Update: He’s here! Welcome Grant, and thanks to everyone for sharing your insight.
We are really struggling with the choice for our third. Our first two are Lucy and Arthur. Their middle name is a shared family name; last name is three syllables and starts with a P.
We knew so quickly with the last two but this one is different. The favorites have changed over time and we are coming down to a May due date without a final choice.
The boy name we have narrowed (currently) to Jasper or Grant. My wife likes Grant a little better and I like Jasper a little better – but we both are concerned about the huge uptick in popularity of Jasper (especially in our town/demographic) and we would rather he not be one of many in his class.
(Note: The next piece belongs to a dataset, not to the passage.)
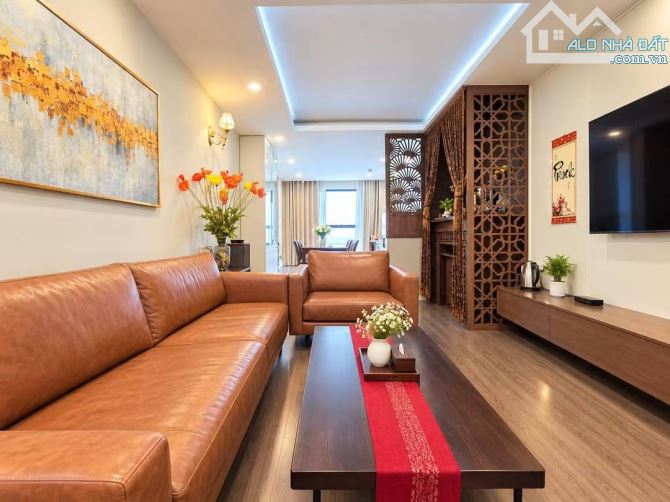 BÁN CHUNG CƯ FLC CẦU GIẤY - 96M2 - 2PN 2WC - 9.8 TỶ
A few others that we considered but have been pushed down are Jude, Julian, George, and Simon.
On the girls side, the current top two are Rosalind and Eliza. Close behind that are Ida, Meryl, and Sasha. We feel a little all over the place with the girls. My wife prefers Rosalind (Roz). I like it, but can’t quite figure out if we can pull it off. I like the idea of “Roz” but the spelling feels weird (either way) and it still feels like a mouthful. And I don’t like the potential spelling confusion or the unclear “d” at the end (pronounce or drop?). But overall, it still feels like it is close to what we want. Eliza feels like it works, but might be more boring in her mind (she likes it still).
She was also fond of Marigold/Goldie – which I think is super cute in theory, but not for us/our kid. Some of my favorites feel a bit safer – Jane being my favorite, Audrey, maybe Anna. We toyed with June, Juniper, Zadie, and Mira. Generally speaking, we have mostly similar style/tastes so we aren’t on opposite ends of the spectrum. I just don’t want to get too “creative” with already an Arthur and Lucy at home. Though we did have a fond moment several months ago where we thought that we could pull off Story for a girl – but that has passed. But our girl names seem all over!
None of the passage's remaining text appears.